Pertumbuhan
Model Baru
A Prasetyantoko ; Ekonom di Universitas Katolik Indonesia Atma Jaya
|
KOMPAS,
06 Maret
2018
Direktur Pelaksana Dana Moneter
Internasional Christine Lagarde dalam konferensi internasional tingkat tinggi
di Jakarta pekan lalu menguraikan perlunya model baru pertumbuhan ekonomi
menghadapi ketidakpastian dan kemajuan teknologi (digital). Tentu saja bukan
hal baru, tetapi relevansi dan urgensinya meningkat drastis belakangan ini.
Sebenarnya, kaitan antara inovasi
(teknologi) dengan siklus bisnis dan pertumbuhan ekonomi telah lama dikaji.
Joseph Schumpeter, pelopor mazhab Austria, pada 1930-an telah melihat peran
(inovasi) teknologi dalam dinamika naik dan turunnya perekonomian (siklus
bisnis).

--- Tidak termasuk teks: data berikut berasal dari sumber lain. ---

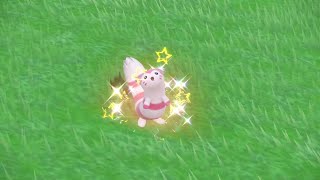 Shiny Furret in Pokémon Scarlet DLC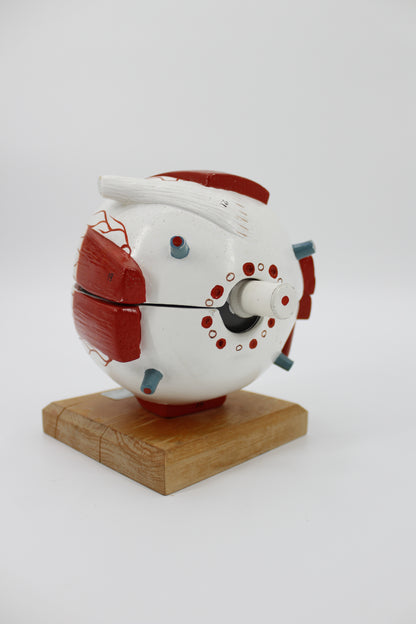 Denoyer-Geppert Large Deconstructing Anatomical Model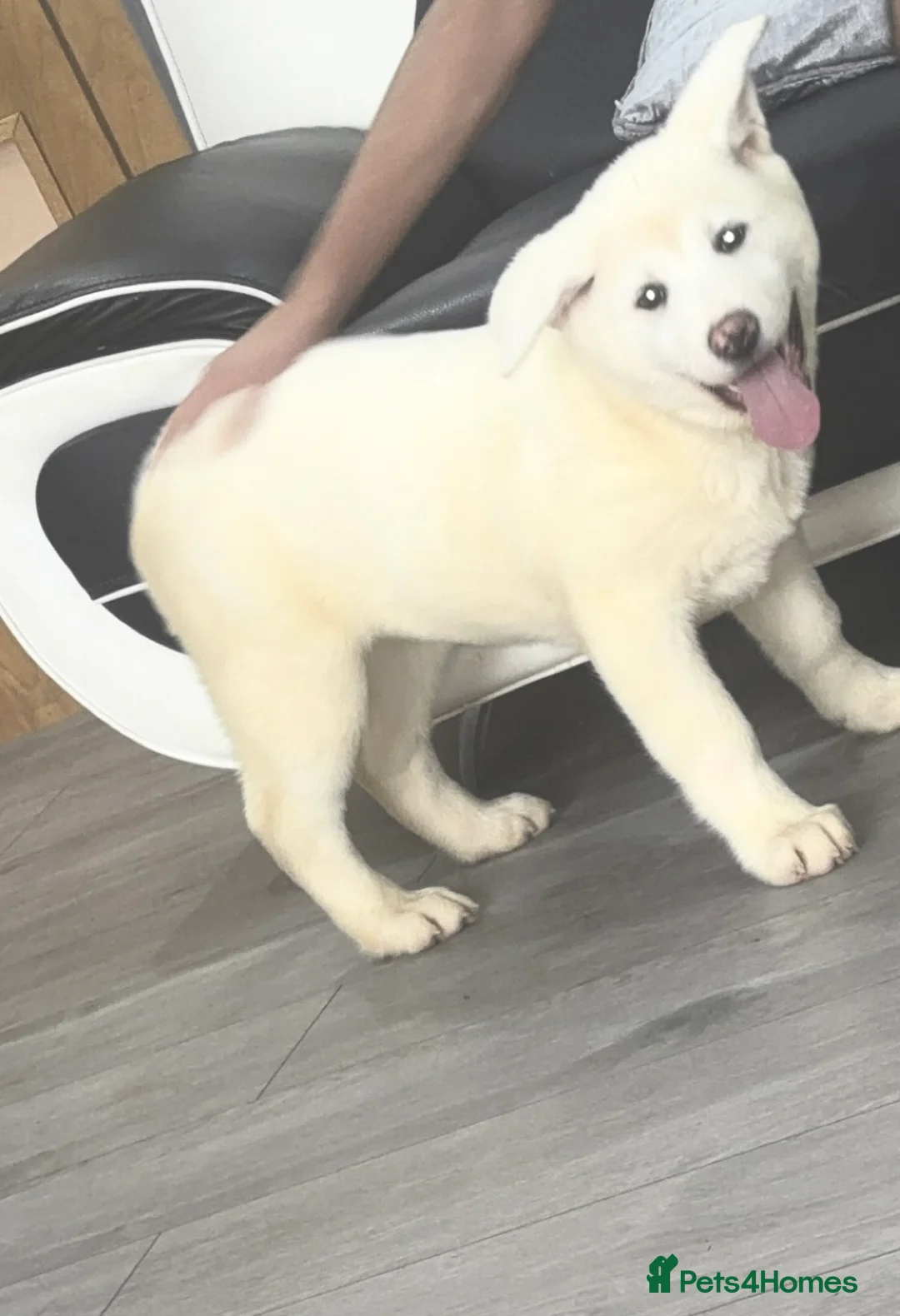 Japanese Akita Inu dogs for sale: Japanese Akita Inu - Advert 6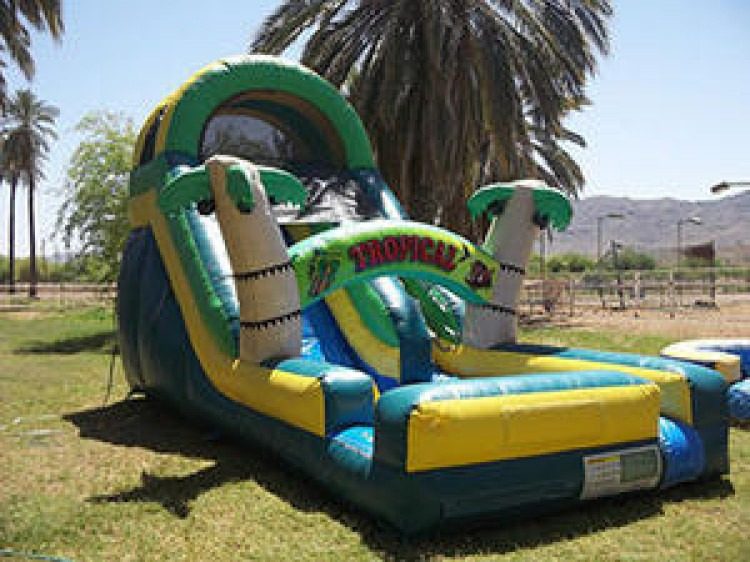 Tropical wave inflatable water slide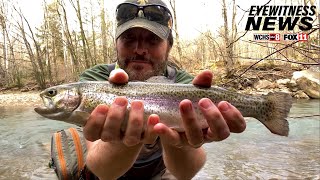 Wild Appalachia: Rainbow Trout Spawning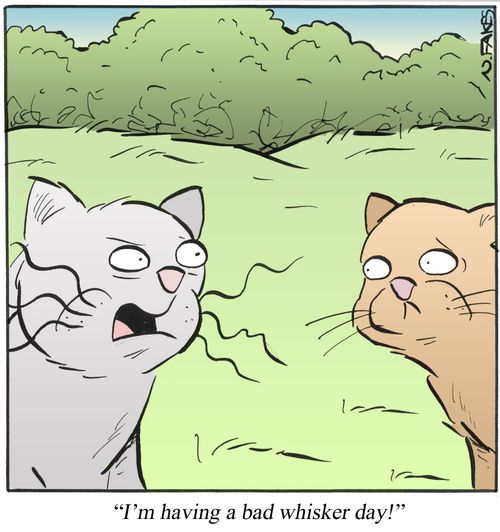 'I'm having a bad whisker day.'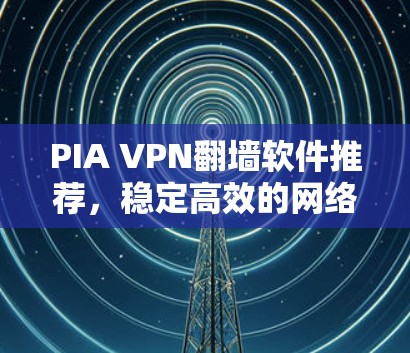 PIA VPN翻墙软件推荐，稳定高效的网络安全解决方案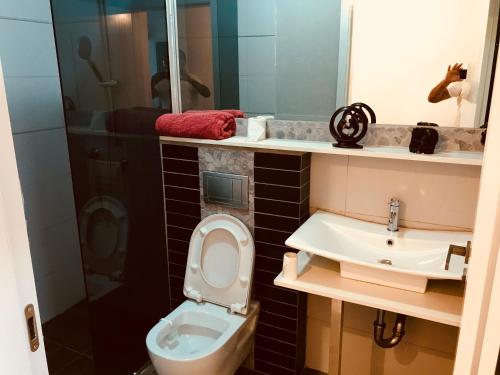ein Badezimmer mit Toilette und Waschbecken in der Unterkunft Luxury Apartments in Midrakh ‘Oz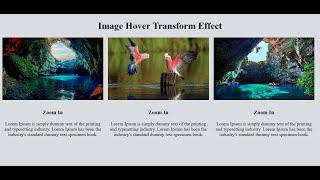 Image Hover Zoom In Transform Effect Using Only HTML & CSS - SFC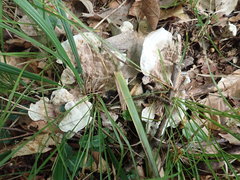 Phellodon confluens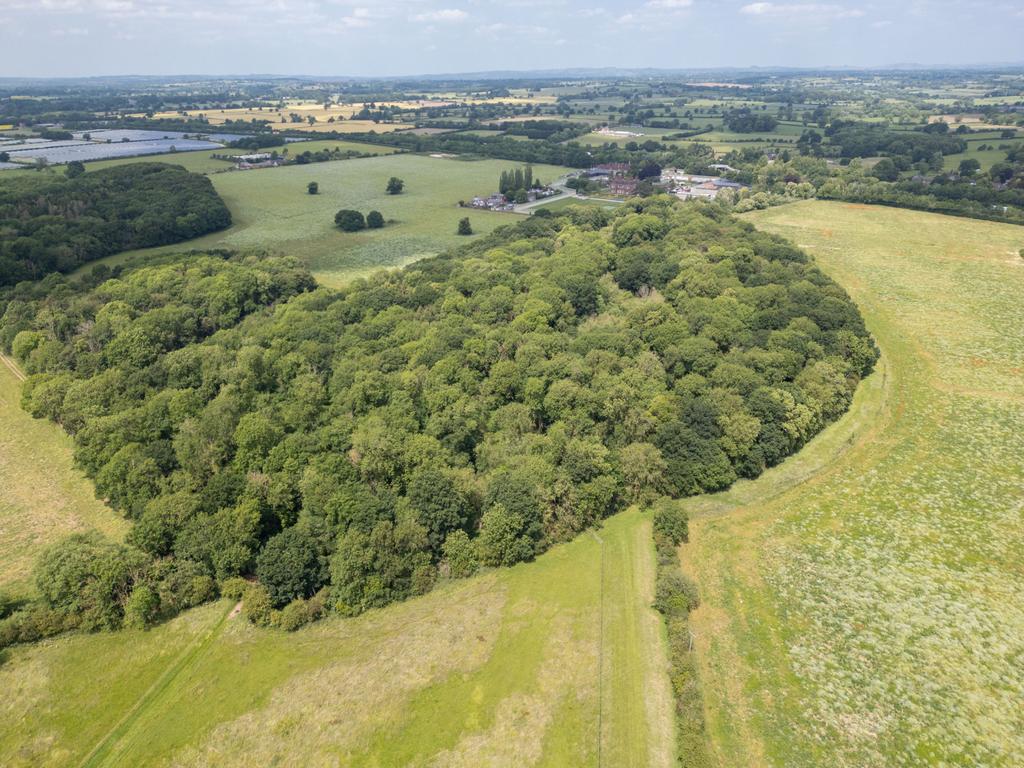 Land - Lot 1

Pada era 1980-an, Paul Romer dan Robert Lucas menyoroti faktor
endogen, seperti pengetahuan, teknologi, bahkan teknik manajerial, sebagai
penentu pertumbuhan ekonomi.
Ke depan, berbagai implikasi dari
kebangkitan Revolusi Industri 4.0 akan menentukan dinamika perekonomian.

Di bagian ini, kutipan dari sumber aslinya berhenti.